Os estudos incluídos foram agrupados nas seguintes categorias para comparação e meta-análise: 1) Estudos comparando ciclorrafia de emergência (CE) e atitude expectante; 2)Estudos comparando CE e ciclorrafia indicada por achados ecográficos ou antecedentes obstétricos; 3)Estudos relatando resultados clínicos após CE sem grupo de comparação; 4)Estudos comparando tratamentos adjuvantes na população que recebeu CE e 5)Estudos comparando intervenções não cirúrgicas nesta população. 177 estudos, dos quais quatro ensaios randomizados controlados, foram incluídos. A probabilidade de rotura intraoperatória das membranas durante a realização de CE foi de 3.3% e a probabilidade de uma CE falhada foi de 2.6%. As grávidas submetidas a CE apresentaram uma probabilidade significativamente menor de terem uma perda gestacional (RR 0.48, IC95% 0.39–0.59) comparativamente à atitude expectante. Não se constataram diferenças entre os riscos de rotura prematura de membranas, infeção intra-amniótica e sépsis neonatal na CE ou na atitude expectante. A redução das membranas durante a realização da CE não diminuiu a probabilidade de perda gestacional (RR1.12, IC95% 0.73–1.72) ou quaisquer outros desfechos em comparação com CE isolada. As grávidas apresentaram uma probabilidade significativamente maior de apresentarem perda gestacional (RR3.85, IC95% 3.13–4.74), parto prematuro antes das 28 semanas (RR5.18, IC95% 3.09–8.69) e morte neonatal (RR3.97, IC95% 1.87–8.42) após CE, comparativamente à ciclorrafia programada.

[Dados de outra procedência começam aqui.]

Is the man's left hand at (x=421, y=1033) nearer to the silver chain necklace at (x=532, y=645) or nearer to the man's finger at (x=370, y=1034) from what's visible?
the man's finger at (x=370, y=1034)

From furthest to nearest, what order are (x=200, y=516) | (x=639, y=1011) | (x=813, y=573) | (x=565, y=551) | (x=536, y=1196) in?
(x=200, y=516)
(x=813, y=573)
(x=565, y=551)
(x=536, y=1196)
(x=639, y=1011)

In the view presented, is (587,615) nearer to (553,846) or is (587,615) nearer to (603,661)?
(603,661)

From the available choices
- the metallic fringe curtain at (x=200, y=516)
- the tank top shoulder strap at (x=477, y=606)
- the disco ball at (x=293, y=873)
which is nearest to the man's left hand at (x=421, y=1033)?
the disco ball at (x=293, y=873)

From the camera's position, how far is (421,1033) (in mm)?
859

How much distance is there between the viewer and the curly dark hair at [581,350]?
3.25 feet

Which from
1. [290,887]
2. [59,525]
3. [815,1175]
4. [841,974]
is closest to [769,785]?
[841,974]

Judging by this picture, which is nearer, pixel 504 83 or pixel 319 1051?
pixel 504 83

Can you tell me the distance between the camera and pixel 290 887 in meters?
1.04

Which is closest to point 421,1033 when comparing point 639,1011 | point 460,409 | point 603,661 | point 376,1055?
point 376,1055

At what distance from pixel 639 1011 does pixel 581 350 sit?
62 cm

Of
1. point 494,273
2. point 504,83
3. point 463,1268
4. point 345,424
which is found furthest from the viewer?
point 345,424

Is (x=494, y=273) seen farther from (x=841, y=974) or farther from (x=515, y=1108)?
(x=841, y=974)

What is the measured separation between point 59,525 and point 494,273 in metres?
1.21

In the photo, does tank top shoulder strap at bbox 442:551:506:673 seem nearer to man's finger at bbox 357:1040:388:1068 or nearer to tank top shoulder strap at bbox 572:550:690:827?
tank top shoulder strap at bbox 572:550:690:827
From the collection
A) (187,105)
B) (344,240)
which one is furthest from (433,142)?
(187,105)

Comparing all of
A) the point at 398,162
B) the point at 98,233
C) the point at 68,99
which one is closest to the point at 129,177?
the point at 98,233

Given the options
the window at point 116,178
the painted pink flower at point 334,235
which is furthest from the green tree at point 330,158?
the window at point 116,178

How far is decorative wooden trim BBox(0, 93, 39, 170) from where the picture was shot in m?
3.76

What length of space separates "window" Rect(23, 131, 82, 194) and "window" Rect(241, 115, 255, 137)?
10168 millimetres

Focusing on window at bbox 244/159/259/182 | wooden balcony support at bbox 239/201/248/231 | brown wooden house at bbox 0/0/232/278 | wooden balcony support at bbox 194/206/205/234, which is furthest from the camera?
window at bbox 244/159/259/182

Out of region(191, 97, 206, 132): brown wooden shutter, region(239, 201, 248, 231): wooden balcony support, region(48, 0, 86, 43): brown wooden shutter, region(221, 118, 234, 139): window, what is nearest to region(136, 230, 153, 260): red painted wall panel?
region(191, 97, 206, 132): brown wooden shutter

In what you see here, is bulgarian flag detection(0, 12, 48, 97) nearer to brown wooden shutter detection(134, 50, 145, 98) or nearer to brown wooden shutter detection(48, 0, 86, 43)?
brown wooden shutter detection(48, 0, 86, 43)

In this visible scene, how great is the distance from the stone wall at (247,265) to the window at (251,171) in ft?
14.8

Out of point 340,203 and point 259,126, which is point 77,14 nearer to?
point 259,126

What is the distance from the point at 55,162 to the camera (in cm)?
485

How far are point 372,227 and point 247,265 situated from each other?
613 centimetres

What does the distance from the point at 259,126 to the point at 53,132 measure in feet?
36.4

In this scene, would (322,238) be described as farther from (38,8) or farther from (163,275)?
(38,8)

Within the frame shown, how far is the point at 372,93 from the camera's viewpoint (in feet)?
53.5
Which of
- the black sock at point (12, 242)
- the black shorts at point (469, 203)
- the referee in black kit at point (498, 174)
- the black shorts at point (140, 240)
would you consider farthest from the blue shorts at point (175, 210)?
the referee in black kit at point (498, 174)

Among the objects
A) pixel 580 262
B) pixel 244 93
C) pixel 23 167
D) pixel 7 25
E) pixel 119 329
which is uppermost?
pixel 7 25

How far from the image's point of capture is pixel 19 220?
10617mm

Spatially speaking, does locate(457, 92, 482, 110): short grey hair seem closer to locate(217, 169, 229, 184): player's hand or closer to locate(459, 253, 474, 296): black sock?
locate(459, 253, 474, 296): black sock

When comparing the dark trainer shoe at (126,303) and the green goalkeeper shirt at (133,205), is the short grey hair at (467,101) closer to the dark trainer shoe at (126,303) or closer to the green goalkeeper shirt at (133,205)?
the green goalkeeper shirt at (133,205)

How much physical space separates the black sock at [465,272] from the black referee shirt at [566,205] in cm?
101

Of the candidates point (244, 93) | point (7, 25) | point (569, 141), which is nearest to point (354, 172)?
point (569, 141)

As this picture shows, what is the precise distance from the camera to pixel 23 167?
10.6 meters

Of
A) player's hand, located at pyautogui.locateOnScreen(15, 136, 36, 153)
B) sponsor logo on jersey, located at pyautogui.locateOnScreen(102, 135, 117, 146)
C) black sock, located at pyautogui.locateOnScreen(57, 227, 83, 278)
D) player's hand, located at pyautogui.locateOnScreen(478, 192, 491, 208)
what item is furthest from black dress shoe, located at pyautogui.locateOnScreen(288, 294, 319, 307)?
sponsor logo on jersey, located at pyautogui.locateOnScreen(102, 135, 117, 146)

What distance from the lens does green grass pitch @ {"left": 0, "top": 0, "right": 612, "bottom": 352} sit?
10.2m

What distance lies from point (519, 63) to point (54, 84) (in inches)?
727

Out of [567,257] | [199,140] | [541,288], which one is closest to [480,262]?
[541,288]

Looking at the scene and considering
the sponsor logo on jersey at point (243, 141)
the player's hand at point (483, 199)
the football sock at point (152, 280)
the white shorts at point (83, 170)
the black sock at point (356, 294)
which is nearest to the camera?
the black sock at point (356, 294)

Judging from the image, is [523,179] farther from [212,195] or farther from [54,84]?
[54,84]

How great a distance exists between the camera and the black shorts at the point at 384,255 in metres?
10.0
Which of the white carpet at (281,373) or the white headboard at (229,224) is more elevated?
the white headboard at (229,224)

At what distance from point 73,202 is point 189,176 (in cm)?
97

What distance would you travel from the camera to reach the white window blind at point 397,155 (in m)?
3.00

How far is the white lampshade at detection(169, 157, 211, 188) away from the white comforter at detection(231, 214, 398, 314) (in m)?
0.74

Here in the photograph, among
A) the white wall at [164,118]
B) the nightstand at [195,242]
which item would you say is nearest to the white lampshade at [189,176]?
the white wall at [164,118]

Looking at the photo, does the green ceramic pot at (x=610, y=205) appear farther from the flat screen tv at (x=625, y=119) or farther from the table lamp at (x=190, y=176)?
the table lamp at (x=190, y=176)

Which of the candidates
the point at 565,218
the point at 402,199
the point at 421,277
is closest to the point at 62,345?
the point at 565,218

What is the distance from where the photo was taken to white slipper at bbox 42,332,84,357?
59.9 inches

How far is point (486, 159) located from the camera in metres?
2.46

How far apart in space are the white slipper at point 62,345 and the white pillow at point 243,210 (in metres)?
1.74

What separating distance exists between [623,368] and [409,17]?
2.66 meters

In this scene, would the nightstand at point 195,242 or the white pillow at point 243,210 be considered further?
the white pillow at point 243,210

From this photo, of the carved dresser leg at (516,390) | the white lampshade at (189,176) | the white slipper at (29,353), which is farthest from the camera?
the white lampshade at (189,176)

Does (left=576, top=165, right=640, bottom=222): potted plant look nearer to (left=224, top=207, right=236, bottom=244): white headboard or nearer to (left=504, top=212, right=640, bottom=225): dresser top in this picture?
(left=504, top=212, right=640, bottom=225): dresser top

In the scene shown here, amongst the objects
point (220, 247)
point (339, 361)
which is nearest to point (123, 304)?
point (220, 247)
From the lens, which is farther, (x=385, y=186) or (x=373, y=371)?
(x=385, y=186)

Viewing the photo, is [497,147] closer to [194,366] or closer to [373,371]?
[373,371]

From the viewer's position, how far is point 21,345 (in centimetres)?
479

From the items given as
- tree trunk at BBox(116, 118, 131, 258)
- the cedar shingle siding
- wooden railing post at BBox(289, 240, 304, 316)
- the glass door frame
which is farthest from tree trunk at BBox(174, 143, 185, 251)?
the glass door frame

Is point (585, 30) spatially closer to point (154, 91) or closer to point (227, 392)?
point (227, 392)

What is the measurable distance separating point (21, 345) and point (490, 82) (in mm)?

Como limitação desta revisão destaca-se um elevado grau de heterogeneidade entre estudos e um número relativamente pequeno de estudos elegíveis para análise, com diferenças importantes entre os desenhos de estudo e alto risco de viés nos estudos incluídos. Mais ensaios randomizados são essenciais para compreender o papel da CE e tratamentos adjuvantes neste contexto obstétrico.